A long, long time ago, when I was in my early teens and just awakening to social networking, to use a modern phrase, I remember encountering a certain nit-picking, insincere argumentativeness in some people around me.
I watched other people of my age choose to engage in that way of being. I watched as they were socialized and became what I thought of at that age as “nit-pickers” themselves. Abandoning any desire to actually solve a problem, they seemed to enjoy endlessly obstructing issues. They became better at it, smoother, even humorous. And they were rewarded with position, wealth, and honors.
I recall being very much repelled by that type of personality and I resolved at the time not to allow myself to become a part of that scene. There began a long journey into self-imposed exile, away from friends, colleagues, and community, one that is only ending now.
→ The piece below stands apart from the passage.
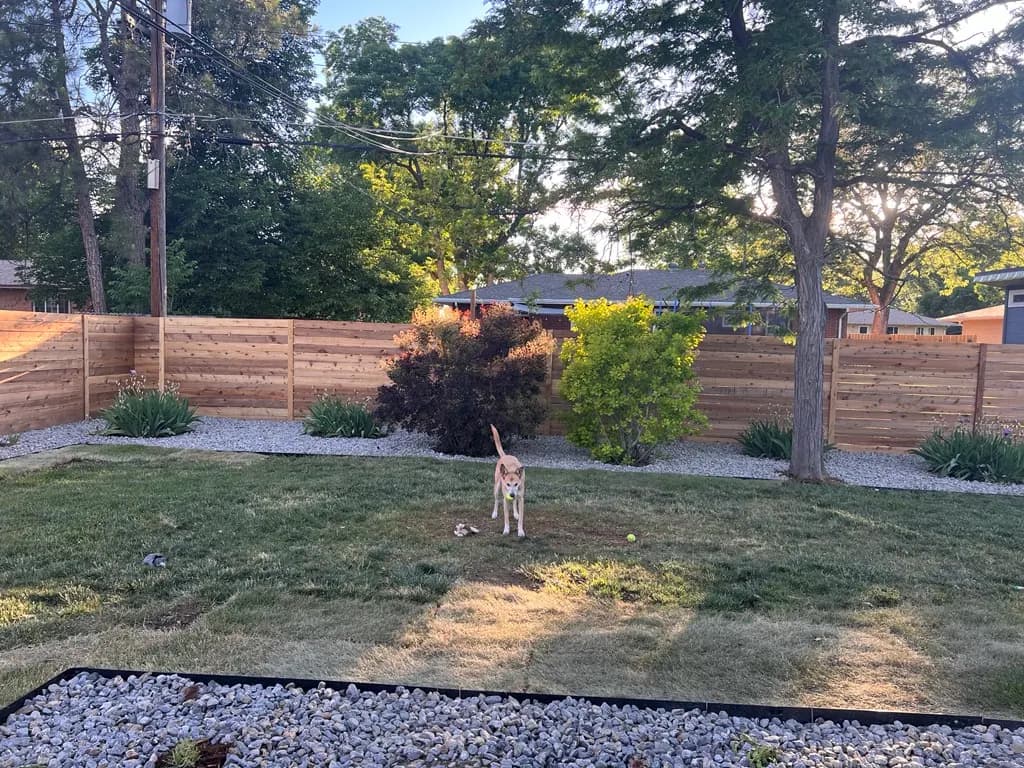 Cedar privacy fence at golden hour in a Lakewood, Colorado backyard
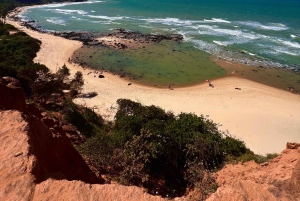 Quad Tour in Paradise - Pipa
At the time I put it down to spiritual tendencies, because I was also aware that I resonated with movies like The Ten Commandments and Ben Hur. For the rest of my life, I followed a pattern of expectantly involving myself in certain scenes – youth groups, student politics – rising to a certain level and then abandoning them in despair, saying “not this,” “not this,” not this.” All seemed satisfied with mere argumentativeness.
Gradually the hope of finding people who valued what I did faded away and I simply saw myself as a loner, a hermit.
At that time, none of this made sense to me. All I knew was that I had very little draw towards my ethnic, religious, or political community.
In recent years, with the discovery of what times we’re in (the end times) and what the job is (Ascension) and in fact who I may turn out to be in the matter (a Starseed), a lot more seems clearer to me.
Watching the U.N. coverage today to the extent I could, I found myself understanding that that whole way of being that the people arguing were pursuing will never have me and was never meant to.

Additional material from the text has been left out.